There are two related aspects to this problem depending upon whether we are building a generic index or are building lists of data objects targeting some specific type of analysis:
Indexing static data --
By SE I think we mean a global indexing service, which indexes "atlas" datasets belonging to some collection (i.e., static files or records in some archive). The SE would restrict its queries to "atlas" or "pointed" services (or whatever we decide to call these in the future). This is distinct from services which compute virtual data, where what you see depends upon what you ask for.
For this case I think what you suggest is probably the way to go. The SE needs to record the resourceID of the service, and the publisher dataset ID (pubID or whatever we decide to call it) of the specific dataset as assigned by the service.
CreatorID cannot be used for this purpose as 1) we can't guarantee that there is one (not all data collections assign CreatorIDs), and 2) in this case we want to index specific dataset instances from specific services. However, if there is a creatorID it can be used for data discovery or to query the SE to find indexed replicas.
Indexing virtual data --
A similar issue came up recently in connection with persistent virtual directories, where a data discovery client application builds a list of data products targeting some specific type of analysis, and comes back sometime later to access them. This is a different case as here we want to deal with virtual data - we are building a filtered-down list of data objects to be used for specific analysis, and we may have many such lists. In this case the IDs in general will not work, as there may be multiple virtual data products (e.g., cutouts) which are generated from the same atlas dataset, or a virtual data product may derive from multiple atlas datasets.

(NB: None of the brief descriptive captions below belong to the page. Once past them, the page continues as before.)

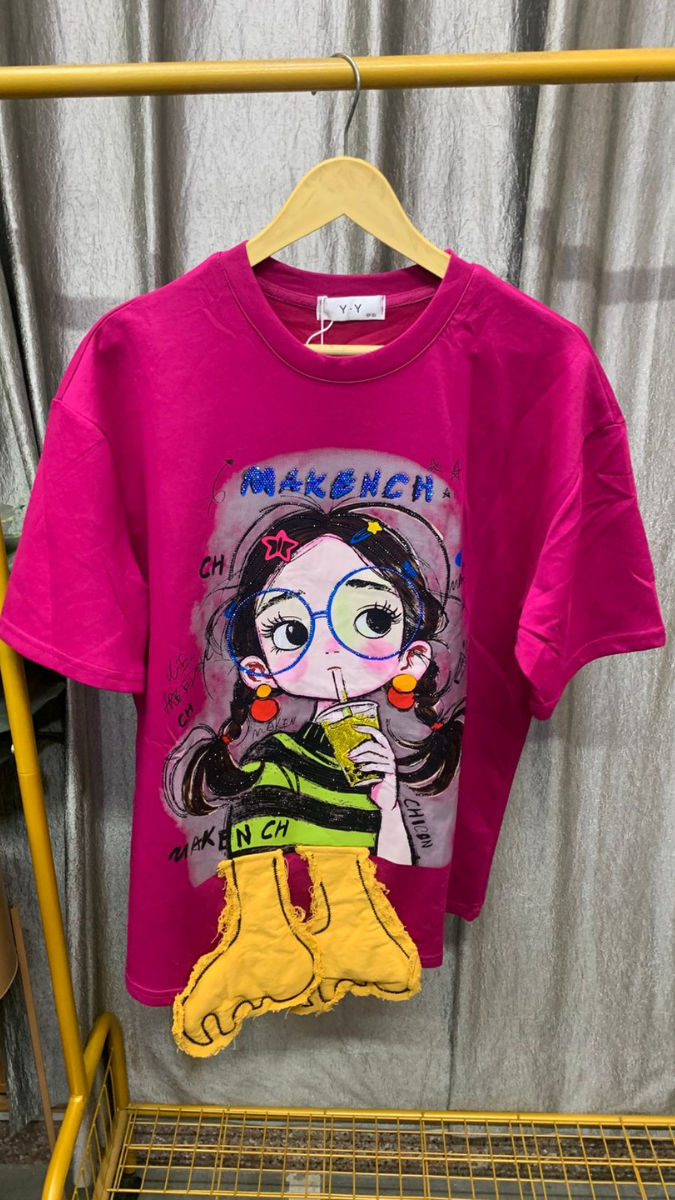 Cute Girl Printed Round Neck Half Sleeve Top FC2438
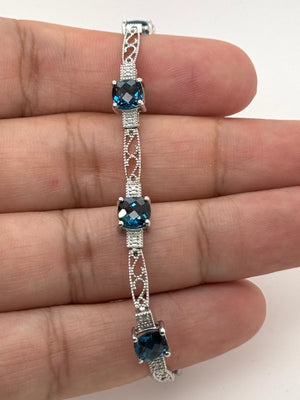 London Blue Topaz Bracelet | 14K White Gold Diamond Bracelet 7 Inch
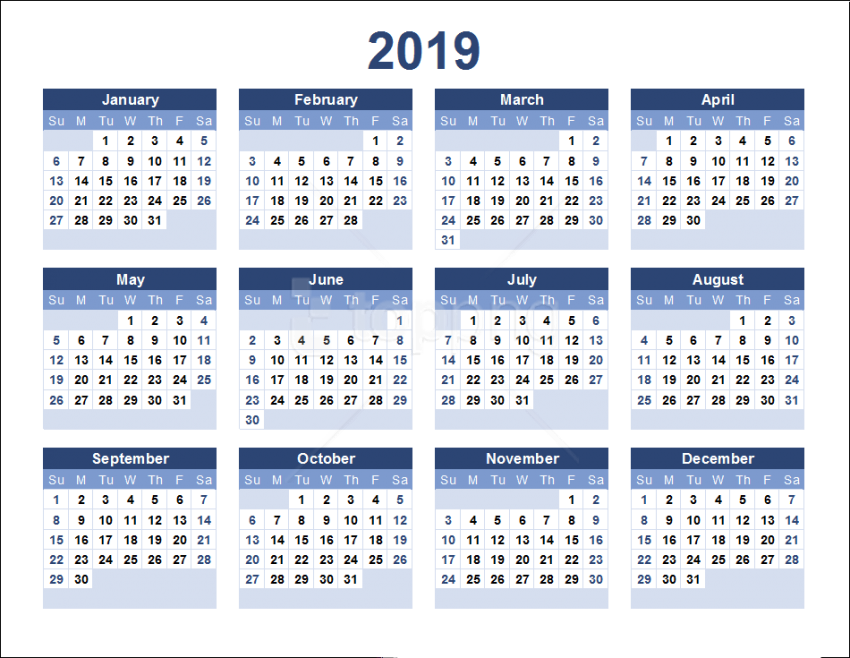 Free Png Download Calendar 2019 Png Images Background - 2019 Calendar Printable (850x658), Png Download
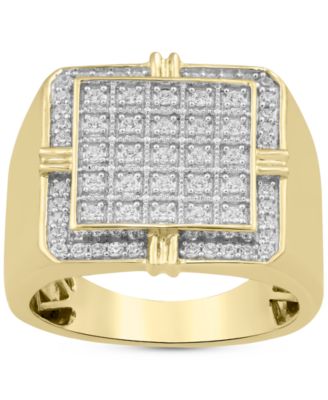 Macy's - Men's Diamond Square Cluster Ring (1/2 ct. t.w.) in Sterling Silver & 14k Gold-Plate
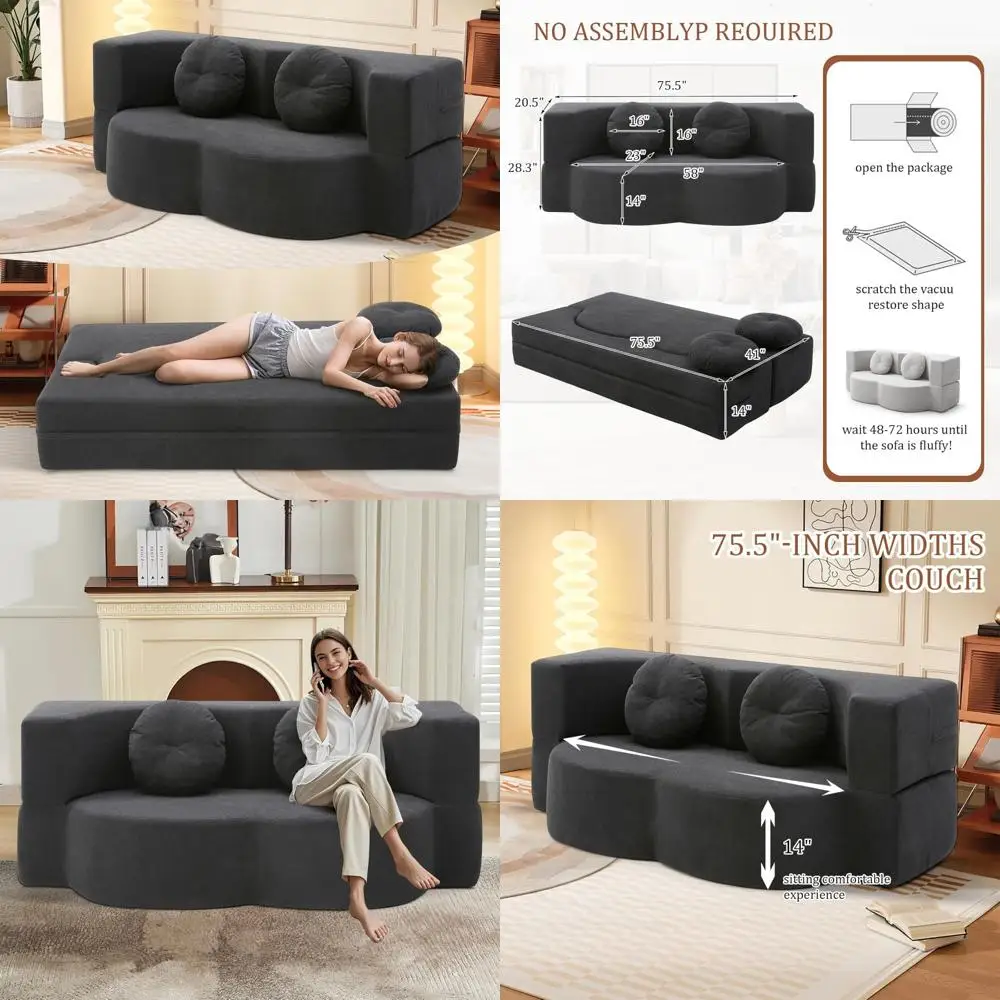 أريكة فوتون لاونج النائمة ليتشي فيلفيت أريكة أرضية بمقعدين لغرفة المعيشة، سرير أريكة قابل للطي قابل للتحويل #1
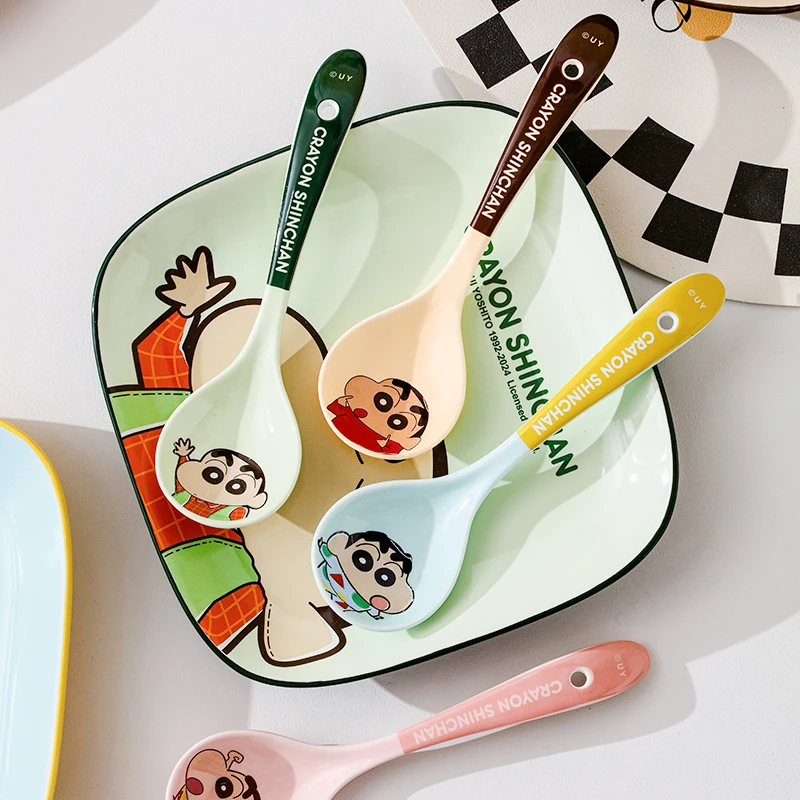 New Cute Cartoon Crayon Shin Chan Ceramic Spoon and Chopsticks Rice Dessert Soup Camping Kitchen Tableware Child Birthday Gift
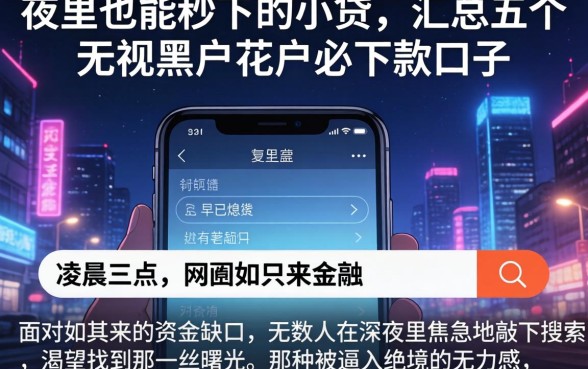 夜里也能秒下的小贷，汇总五个无视黑户花户必下款口子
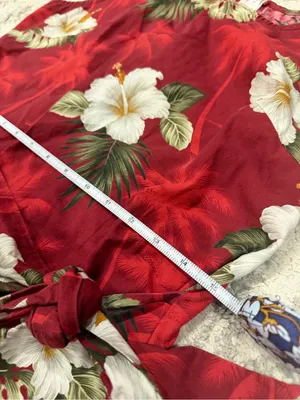 Vintage Pacific Legend Hawaiian Wrap Dress Red Floral 100% Cotton Large thumbnail 6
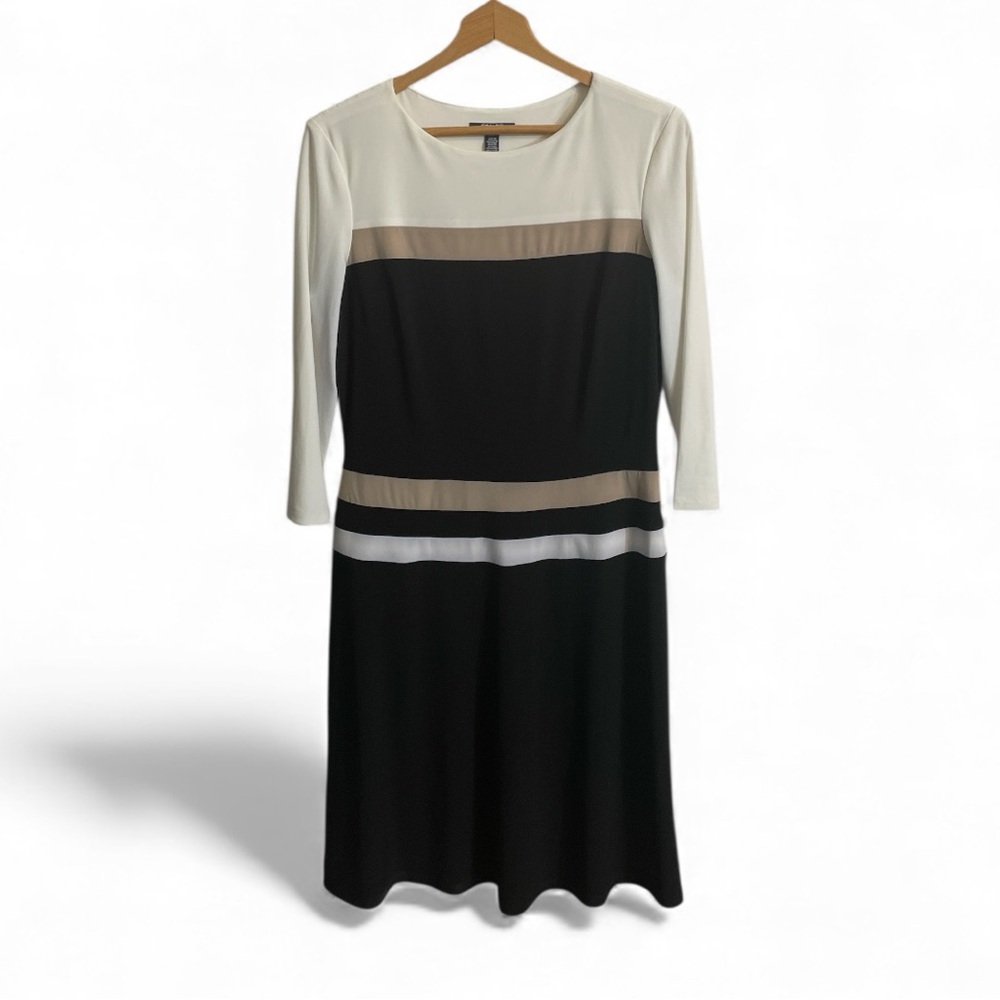 X1 - Large Lg Chaps Black and Cream Long Sleeve Dress
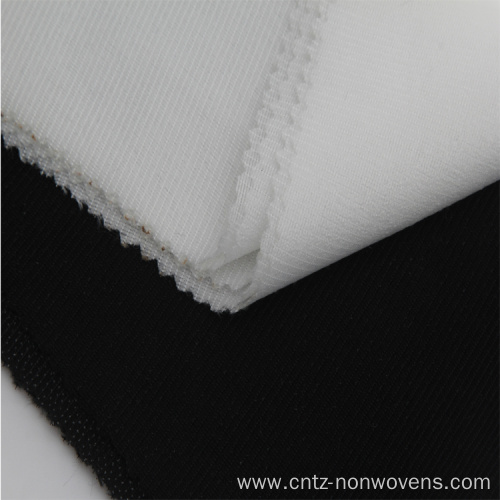 Adhesive elastic interlining for clothing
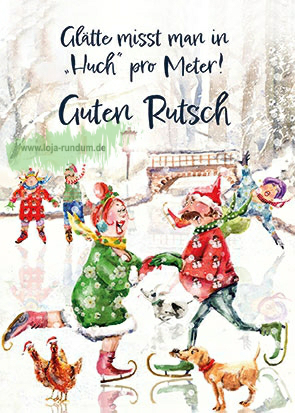 Guten Rutsch (Paar beim Eislaufen) - Edition Gollong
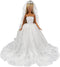 BARWA White Wedding Dress with Long Veil Evening Party Princess White Lace Gown Dress for 11.5 Inch Girl Doll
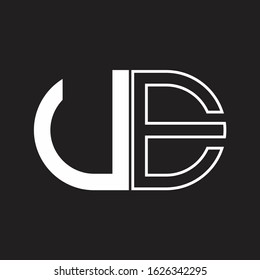 UE Letter logo monogram with oval shape negative space design template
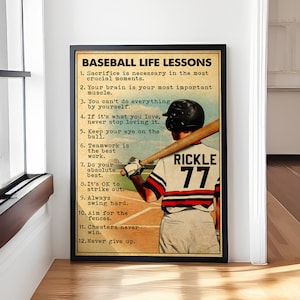 Personalisierte Baseball Life Lessons Poster, Leinwand, Vintage Style, Baseball Geschenke, Baseball Poster, Baseball Raum Dekor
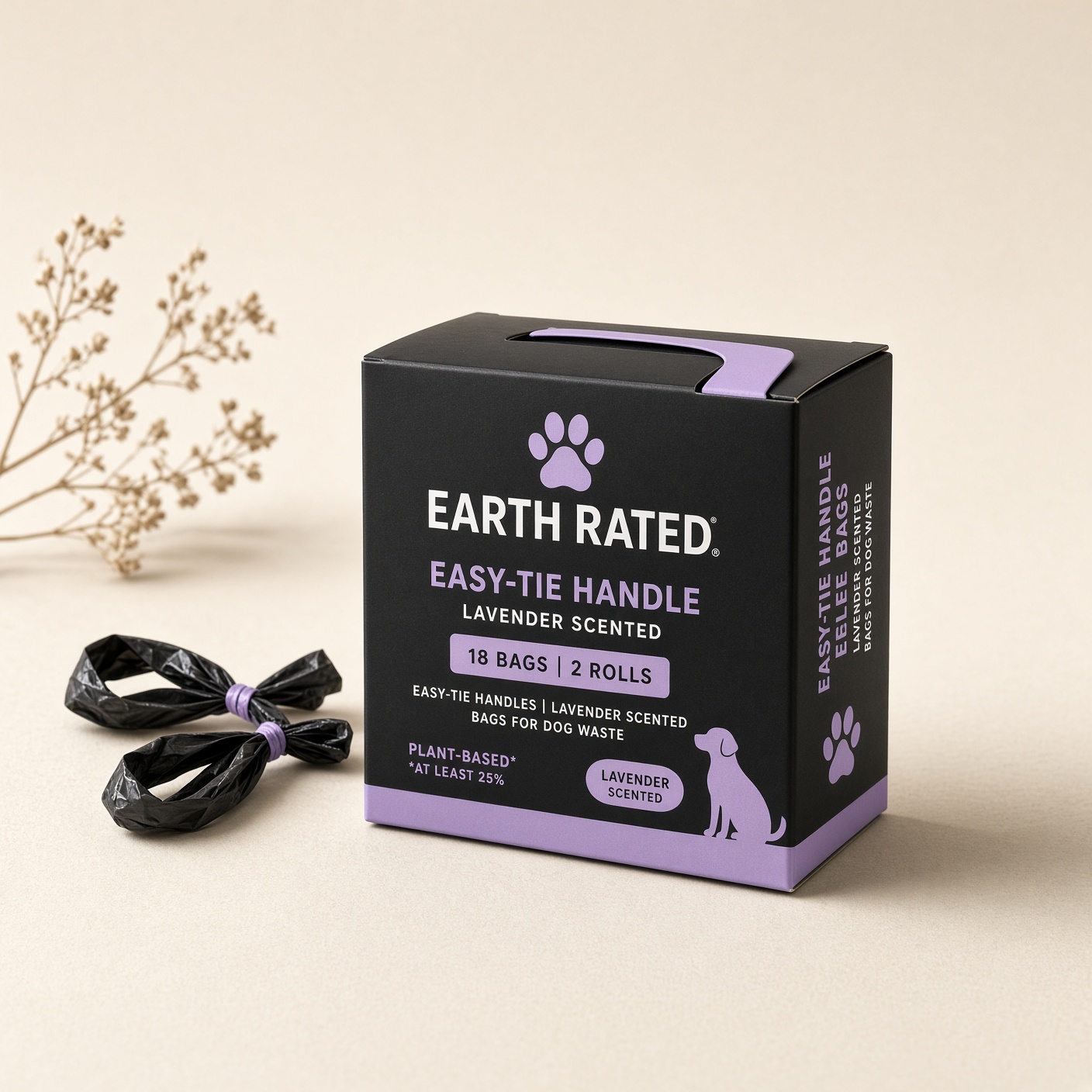 Earth Rated easy-tie handle dog waste bags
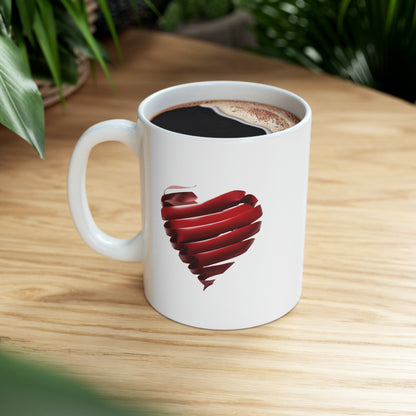 Two Hearts Ceramic Mug (Custom Name Option), 11oz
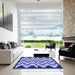 Square Patterned Jeans Blue Rug in a Living Room, pat1462blu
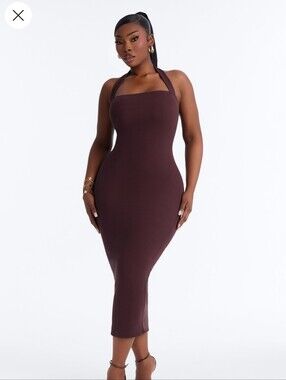 Fashion Nova Brown Halter Midi Dress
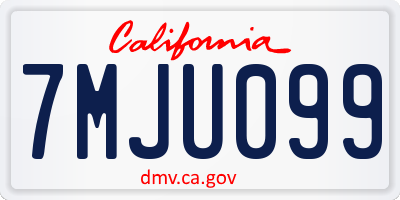CA license plate 7MJU099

One way to address this problem and solve the problem of persistence could be for the service to represent a virtual data collection, assigning persistent CreatorIDs for virtual data it can generate (such an ID would probably point to a persistent database record which tells the service how to generate the virtual data product). However this seems like it is probably too complex, at least for the moment. The access reference generated by a service already tells the service how to generate a virtual data product. Perhaps to deal with issues of persistence we just need to be more rigorous about specifying the time to live for an access reference (the old SIA spec already includes this but I don't think current services have bothered to implement it).
> To support an SE, "mtime" needs to be a query parameter of the form
> mtime=MIN,MAX with support for mtime=MIN, (for >=) and it has to be part
> of each record on output. Personally I would like to see these as REQUIRED.
Yes, this looks reasonable, and is consistent with the current spec.
> ** using/getting AccessReference
>
> In addition, if I build an SE that stores <resourceID,pubID> then I
> will also like to have a fast way to convert them into AccessReference
> (URLs). I'm assuming the AccessReference one gets from the query is
> currently valid but not guaranteed to be valid indefinitely (publishers
> may want/need to change data delivery, which I don't think should mandate
> changing the modification time). Specifically, it would be nice to be
> able to pass a list of pubID values to a service and get one response,
> rather than have to issue separate queries and get one response (VOTable)
> per pubID with one record each. With http get, the length of the list
> would be limited, of course.
>
> Logically, I an SE will need pubID as a REQUIRED query and output
> parameter. List support is an optimisation.
We already thought of this, which is why SSA permits a query by ID. Markus's suggestion of changing the query by ID parameters to permit a list of ID's looks reasonable. This approach does not scale well but is simple, and probably adequate for the moment.
> I really hope this can get into SSA 1.0 and hence SIA 1.1,
I don't see any problem. The main issue has to do with the precise semantics of the IDs, and what we decide to call them.